Outlook Kitchen and Bar

 

Finding ourselves craving something sweet between shopping stops, we popped into Japanese ice cream import Taiyaki, on Seaport Boulevard just a few blocks from The Envoy. Home of the custard-filled, whimsical fish-shaped waffle cone of Instagram fame, Kawaii-lovers from Toronto to Miami to Williamsburg have been madly posting since Taiyaki hit North America in 2016. We chose the matcha and black sesame soft-serve as a start, filling the freshly-made cones with red bean paste, then topping them with mini M&M’s.
The Seaport actually now boasts a apoplexy-inducing array of dining options, from the low-key to the Michelin-starred.
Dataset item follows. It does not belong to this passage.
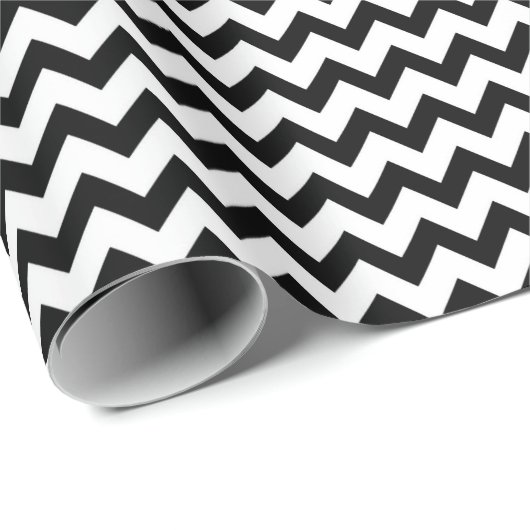 Chevron Zig Zag Pattern Pastel Black White Scandi Cadeaupapier (Rol Hoek)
Exalted Chef Barbara Lynch lords over the scene with her outstanding Italian diner Sportello, as well as Menton, a fancy-fancy Relais & Chateaux member serving delectable French fusion. Also worth a stop are Cardullo’s Gourmet Shoppe (a long time favorite from Harvard Square), Lolita Cocina & Tequila Bar, Strega Waterfront (you may find yourself seated next to one of the Patriots), plant-based NYC export by Chloe, the landmark, century old seafood classic No Name Restaurant, and a Tatte Bakery and Cafe. We were significantly spoiled for choice, obviously.

Menton

 

Considering Boston’s comely cityscape and harbor, it’s still a little light on rooftop venues. Which partly explains the wild popularity of the Envoy’s spectacular Lookout lounge/bar. But we also loved the clever cocktails like the Fizz Bump (Hendricks, Lavender & Earl Grey Simple, lemon, egg white) and the Cereal Keeler (Keel Vodka, Americano Bianco, pineapple, orange, cherry bitters). The skyline and waterfront views, of course, are eminently Instagrammable. But with colder temps upon us, the Lookout also features glowing fire pits, out of the way ceiling-mounted heaters and cozy blankets for keeping nice and toasty while sipping a hot Teeling Frisky whiskey cocktail.